(Short text fragments from websites)
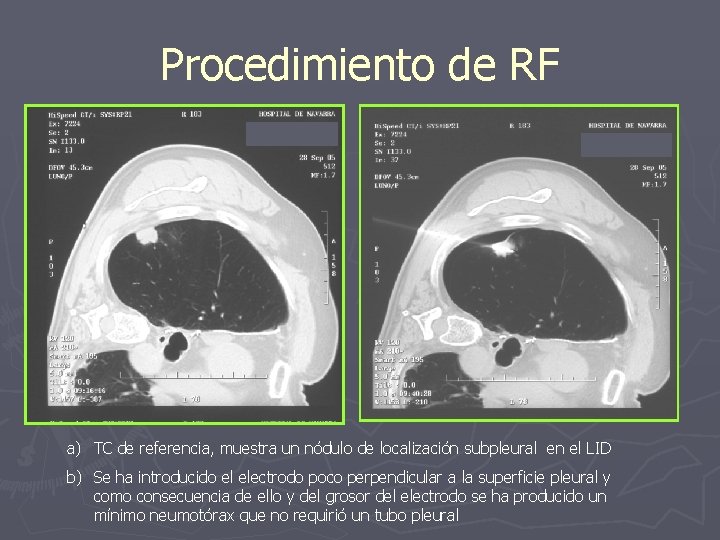 Procedimiento de RF a) TC de referencia, muestra un nódulo de localización subpleural en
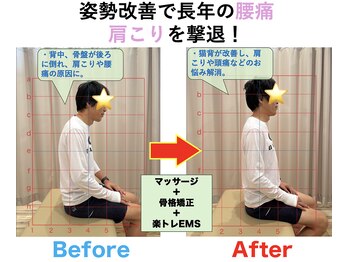 八乙女マイル接骨院/肩こり頭痛小顔矯正 30代女性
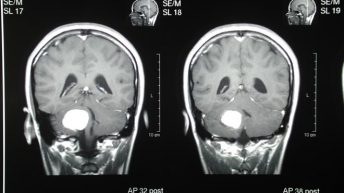 nanoparticulas tumores cerebrales
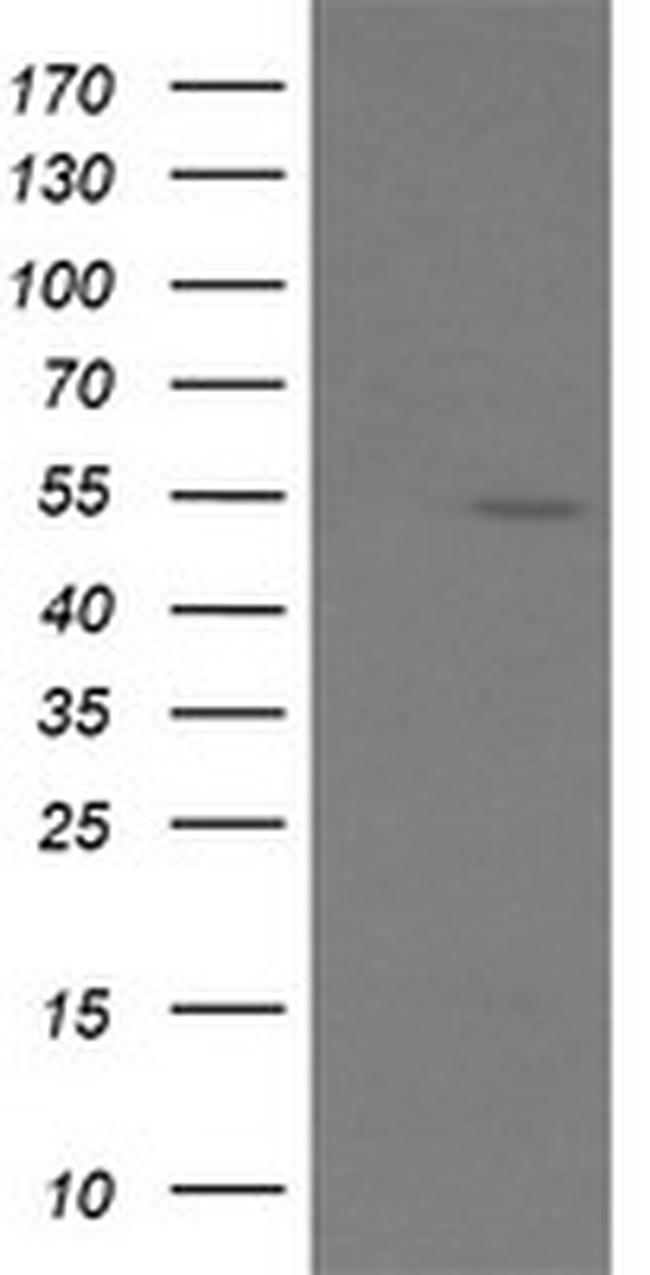 ERG Antibody in Western Blot (WB)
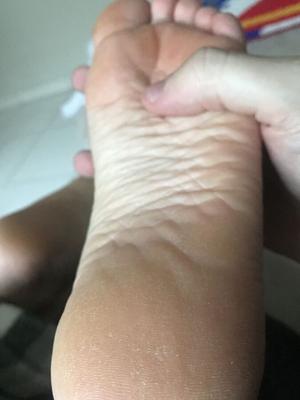 GF sexy feet dry and smelly comment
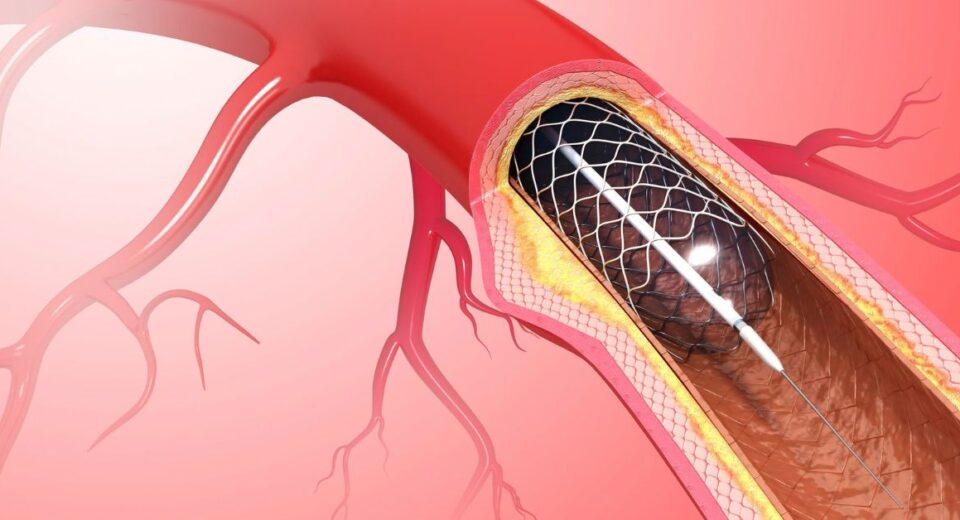 Angioplasty And Stent Placement for the Heart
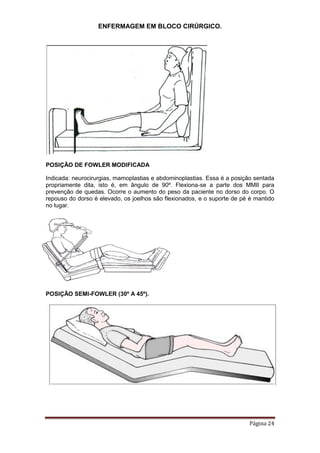 ENFERMAGEM EM BLOCO CIRÚRGICO.
Página 24
POSIÇÃO DE FOWLER MODIFICADA
Indicada: neurocirurgias, mamoplastias e abdominoplastias. Essa é a posição sentada
propriamente dita, isto é, em ângulo de 90º. Flexiona-se a parte dos MMII para
prevenção de quedas. Ocorre o aumento do peso da paciente no dorso do corpo. O
repouso do dorso é elevado, os joelhos são flexionados, e o suporte de pé é mantido
no lugar.
POSIÇÃO SEMI-FOWLER (30º A 45º).
 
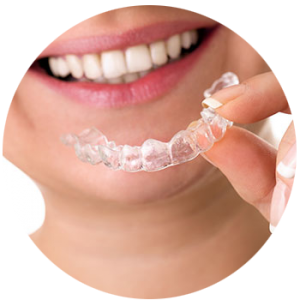invisalign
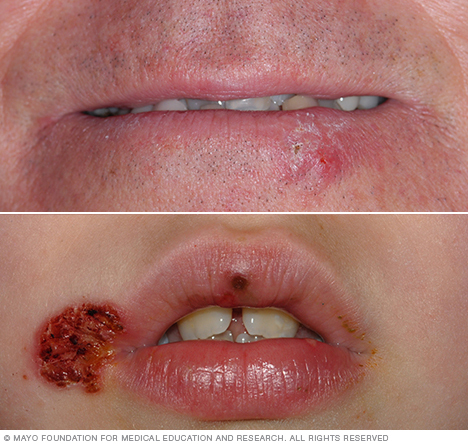 Mụn rộp (herpes) ở môi: nguyên nhân và điều trị Mụn rộp (herpes) ở môi: nguyên nhân và điều trị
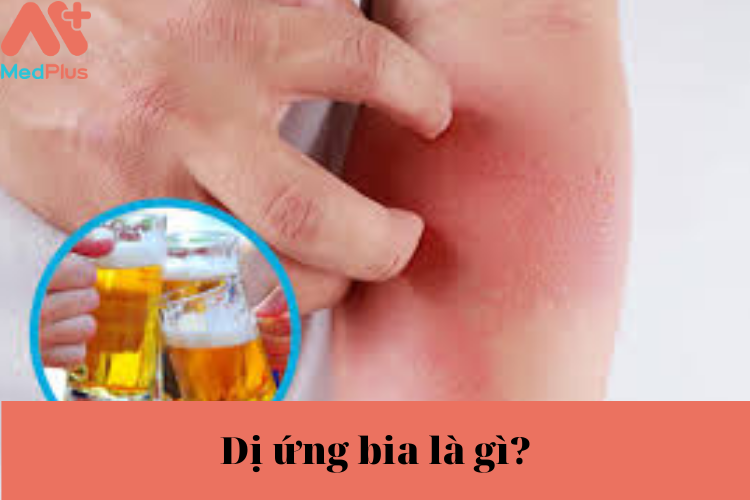 Dị ứng bia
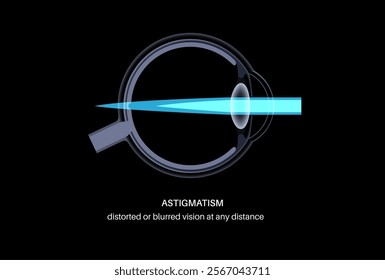 Astigmatism eye disease. Refractive error medical poster. Blurred vision problem at any distance. Visual distortion caused by uneven corneal or lens curvature. Human eye anatomical vector illustration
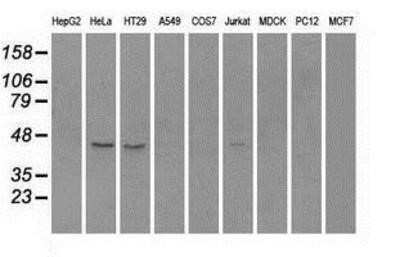 Western Blot: Rad9 Antibody (OTI7B11)Azide and BSA Free [NBP2-73783]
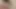 Rosebud Prolapse Tease - Pulsing Anal Bloom Exposed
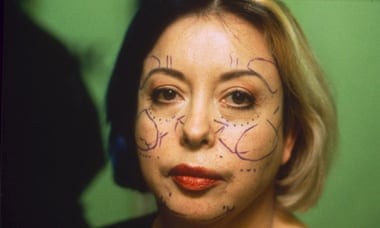 ORLAN before the cosmetic surgery operation she broadcast to galleries worldwide.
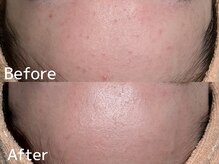 カレンジェビューティー(CarengeBeauty)/プラチナクレイピール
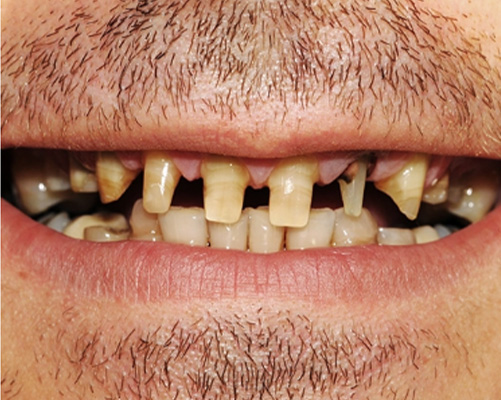 mediDental care | Root Canals, Ceramic Crowns and Sedation Dentistry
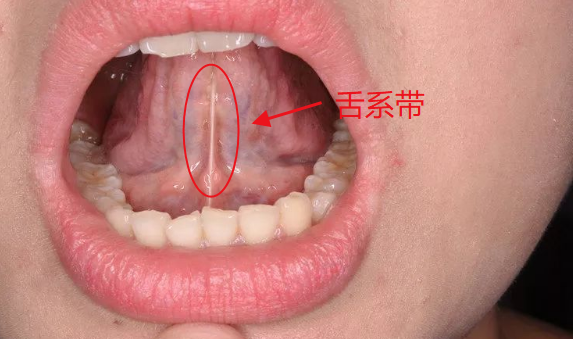 mm口腔喉咙舌根图片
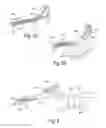 Fig. 04 - Devices, systems, and methods for diagnosis and treatment of overactive bladder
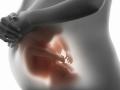 कॅन्सरग्रस्त गर्भवतीवरही उपचार शक्य - Marathi News | Treatment can be done even on cancerous pregnant women | Latest beauty News at Lokmat.com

• _Problem to solve_:
Only the text of the records above is to be reproduced, exactly as given; the pictures are dropped.

• _Exercise result_:
 Procedimiento de RF a) TC de referencia, muestra un nódulo de localización subpleural en
 八乙女マイル接骨院/肩こり頭痛小顔矯正 30代女性
 nanoparticulas tumores cerebrales
 ERG Antibody in Western Blot (WB)
 GF sexy feet dry and smelly comment
 Angioplasty And Stent Placement for the Heart
 ENFERMAGEM EM BLOCO CIRÚRGICO.
Página 24
POSIÇÃO DE FOWLER MODIFICADA
Indicada: neurocirurgias, mamoplastias e abdominoplastias. Essa é a posição sentada
propriamente dita, isto é, em ângulo de 90º. Flexiona-se a parte dos MMII para
prevenção de quedas. Ocorre o aumento do peso da paciente no dorso do corpo. O
repouso do dorso é elevado, os joelhos são flexionados, e o suporte de pé é mantido
no lugar.
POSIÇÃO SEMI-FOWLER (30º A 45º).
 
invisalign
 Mụn rộp (herpes) ở môi: nguyên nhân và điều trị Mụn rộp (herpes) ở môi: nguyên nhân và điều trị
 Dị ứng bia
 Astigmatism eye disease. Refractive error medical poster. Blurred vision problem at any distance. Visual distortion caused by uneven corneal or lens curvature. Human eye anatomical vector illustration
 Western Blot: Rad9 Antibody (OTI7B11)Azide and BSA Free [NBP2-73783]
 Rosebud Prolapse Tease - Pulsing Anal Bloom Exposed
 ORLAN before the cosmetic surgery operation she broadcast to galleries worldwide.
 カレンジェビューティー(CarengeBeauty)/プラチナクレイピール
 mediDental care | Root Canals, Ceramic Crowns and Sedation Dentistry
 mm口腔喉咙舌根图片
 Fig. 04 - Devices, systems, and methods for diagnosis and treatment of overactive bladder
 कॅन्सरग्रस्त गर्भवतीवरही उपचार शक्य - Marathi News | Treatment can be done even on cancerous pregnant women | Latest beauty News at Lokmat.com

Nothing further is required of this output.